Bioinformatics Workflow

Every dataset is aligned against the set of organisms in the input mixtures, as well as the complete set of references in the One Codex Database (for WGS samples) or Targeted Loci Database (for 16S samples). The abundance of each detected organism is used to calculate the scores (ranging from 0-100%) for True Positives, Relative Abundance, and False Positives.

Bioinformatics Details

Read Alignment: Alignment of reads against the set of organisms in the input mixtures is executed using BWA (v0.7.15). Paired-end reads are analyzed with the -p flag, and Samtools (v1.4) is used to process the resulting SAM file (samtools fixmate).

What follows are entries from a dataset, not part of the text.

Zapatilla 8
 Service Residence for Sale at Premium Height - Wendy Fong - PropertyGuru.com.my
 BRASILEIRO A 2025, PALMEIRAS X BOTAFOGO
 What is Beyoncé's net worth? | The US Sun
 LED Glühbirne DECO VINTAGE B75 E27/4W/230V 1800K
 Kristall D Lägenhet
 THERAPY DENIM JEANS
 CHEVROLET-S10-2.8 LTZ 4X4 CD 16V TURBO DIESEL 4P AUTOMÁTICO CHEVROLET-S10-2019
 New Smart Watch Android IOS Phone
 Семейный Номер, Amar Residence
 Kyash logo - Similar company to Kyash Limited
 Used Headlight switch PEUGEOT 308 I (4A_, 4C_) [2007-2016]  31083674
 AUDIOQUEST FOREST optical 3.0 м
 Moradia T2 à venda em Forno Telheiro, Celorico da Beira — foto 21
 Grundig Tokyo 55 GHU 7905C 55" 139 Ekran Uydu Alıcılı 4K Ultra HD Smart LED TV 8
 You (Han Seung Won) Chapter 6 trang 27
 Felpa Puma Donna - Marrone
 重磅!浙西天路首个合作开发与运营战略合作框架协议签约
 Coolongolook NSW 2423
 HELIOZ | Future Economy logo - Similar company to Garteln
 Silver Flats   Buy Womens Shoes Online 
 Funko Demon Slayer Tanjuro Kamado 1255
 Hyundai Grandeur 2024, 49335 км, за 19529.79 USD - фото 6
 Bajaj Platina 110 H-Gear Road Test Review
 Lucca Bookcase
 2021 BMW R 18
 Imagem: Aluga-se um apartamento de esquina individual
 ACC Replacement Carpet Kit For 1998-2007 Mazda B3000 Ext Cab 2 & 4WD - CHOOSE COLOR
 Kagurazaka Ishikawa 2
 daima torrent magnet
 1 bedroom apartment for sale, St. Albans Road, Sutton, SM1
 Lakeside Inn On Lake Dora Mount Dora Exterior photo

Reference Databases: More details can be found here for the One Codex Database (used to analyze WGS files) and the Targeted Loci Database (used to analyze 16S files).

Scoring Details

  • True Positives: The True Positive Score is the percentage of organisms present in the control. Organisms are marked as "Present" if they are detected within two logs of the true abundance. Also presents a "proportion of true positives" figure, which is the number of reads mapping to an individual genome over the number of reads mapping to any true positive organism and "proportion of reads", which proportion of total reads in the sample mapping to a genome adjusted for genome size.
  • Relative Abundance: The Relative Abundance Score is the Pearson correlation coefficient between the known input organism abundances and the detected abundances (based on genome-size adjusted read counts).
  • False Positives: The False Positive Score is 100% less 10 percentage points for each "High" abundance false positive, 5 points for each "Moderate" one, and 1 point for each "Low" one. "Trace" false positives do not count against the score, and the minimum possible score is 0%.